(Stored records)
=== Begin Enclosure ===

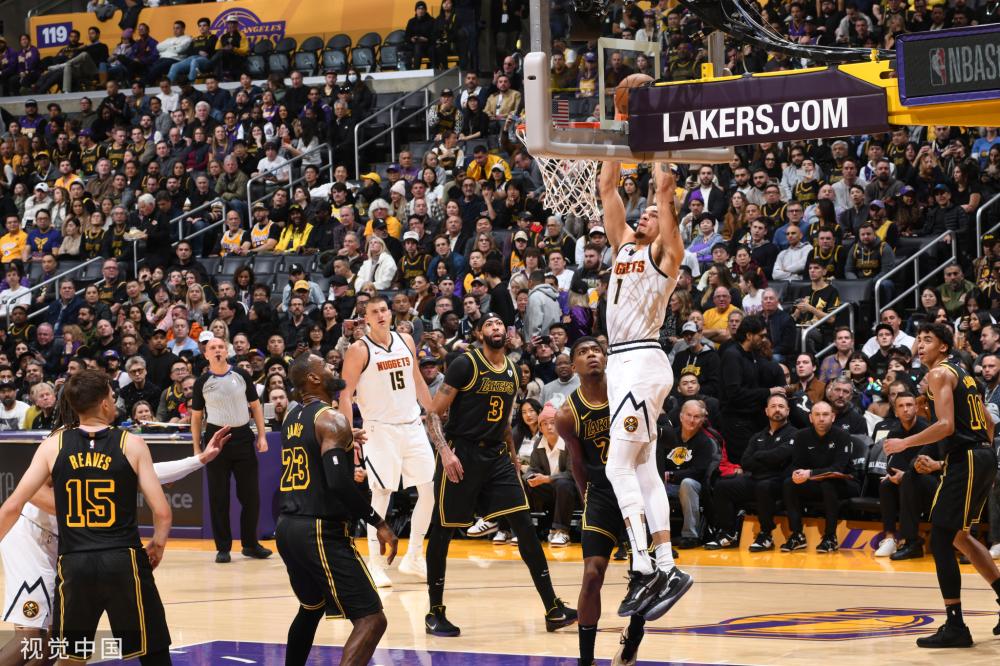 划依然是外 划依然是外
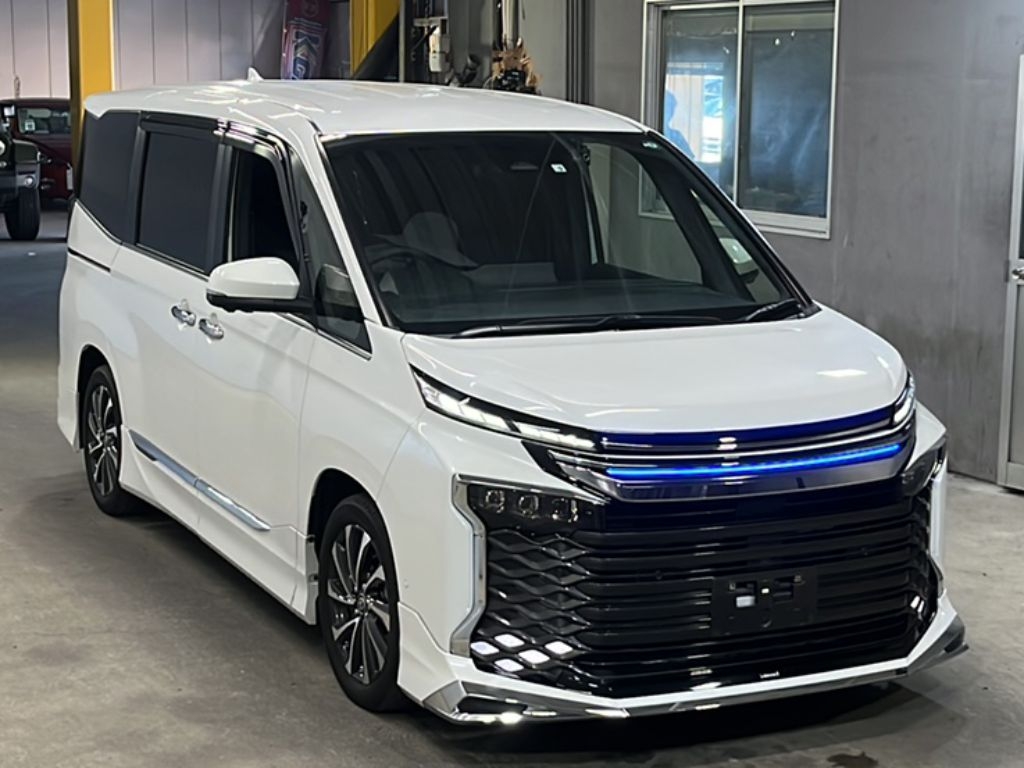 Toyota Voxy Hybrid S-Z Package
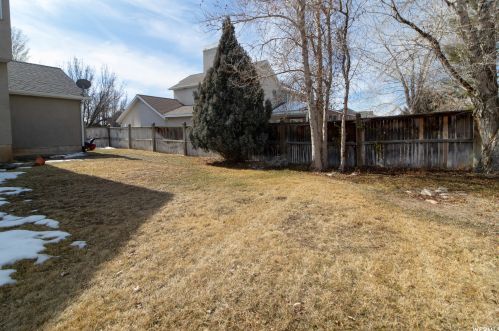 1471 Edgecliff Dr, Sandy UT 84092-4348 exterior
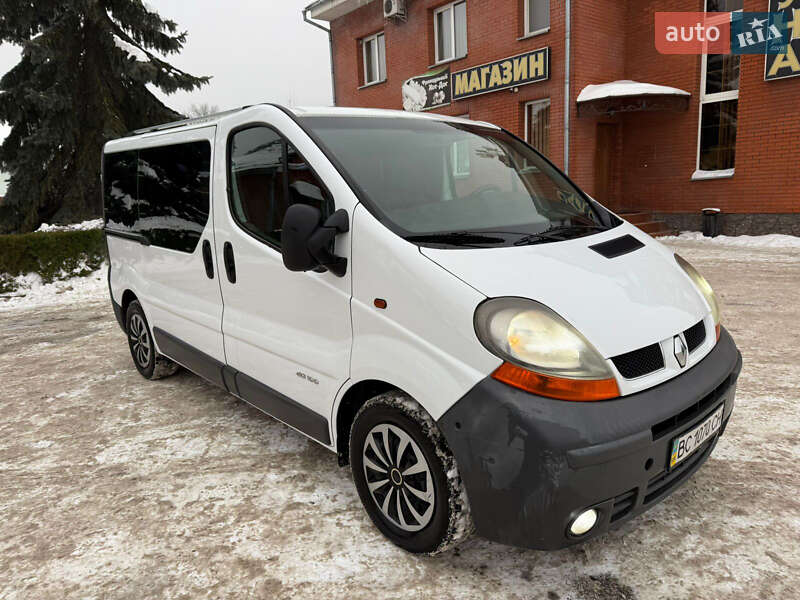 Минивэн Renault Trafic 2004 в Кременце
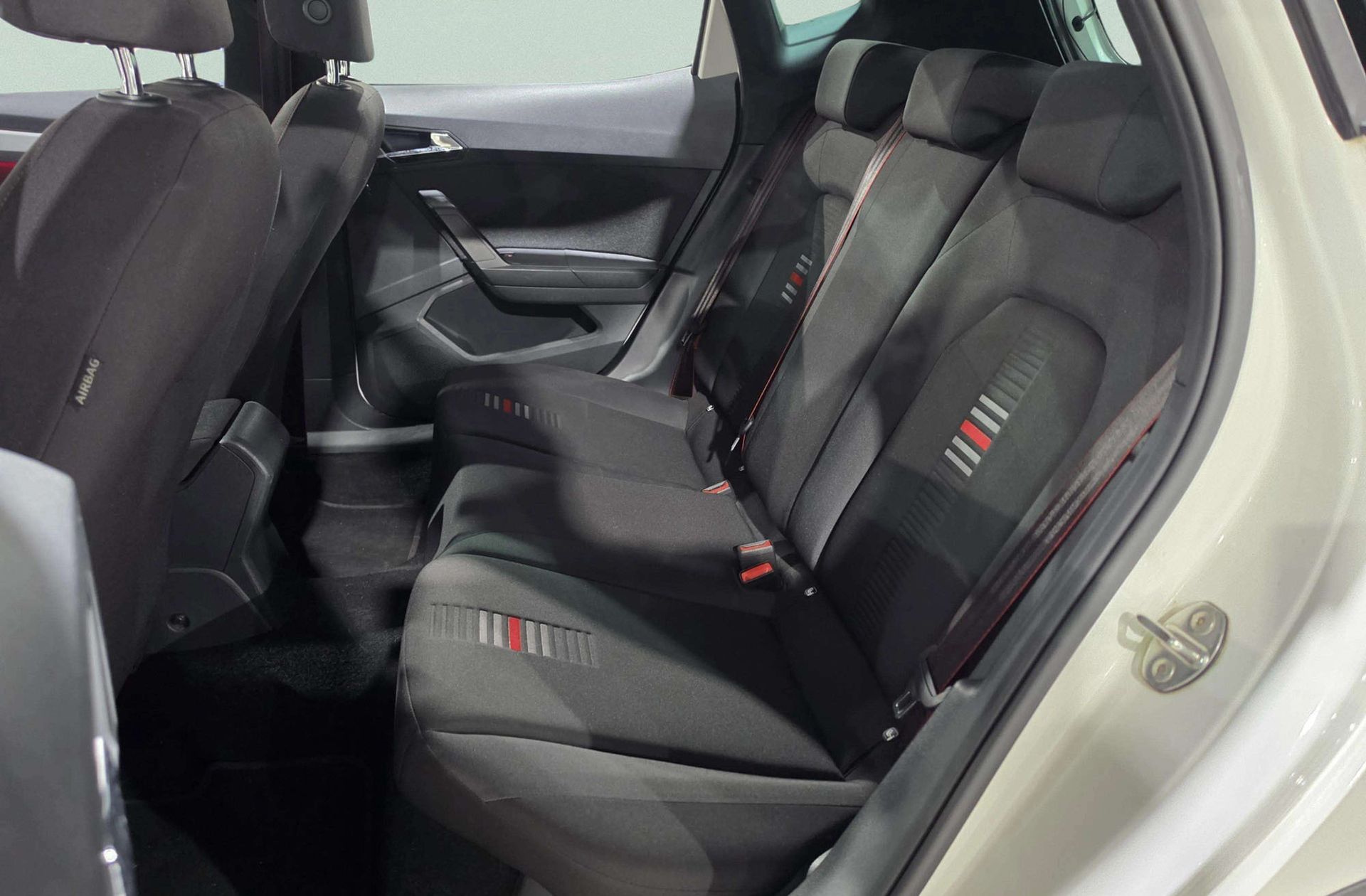SEAT Arona 1.0 TSI Ecomotive FR - foto 12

=== End Enclosure ===

• Problem
Please copy the records above word for word, omitting every picture.

• Answer to this exercise
 划依然是外 划依然是外
 Toyota Voxy Hybrid S-Z Package
 1471 Edgecliff Dr, Sandy UT 84092-4348 exterior
 Минивэн Renault Trafic 2004 в Кременце
SEAT Arona 1.0 TSI Ecomotive FR - foto 12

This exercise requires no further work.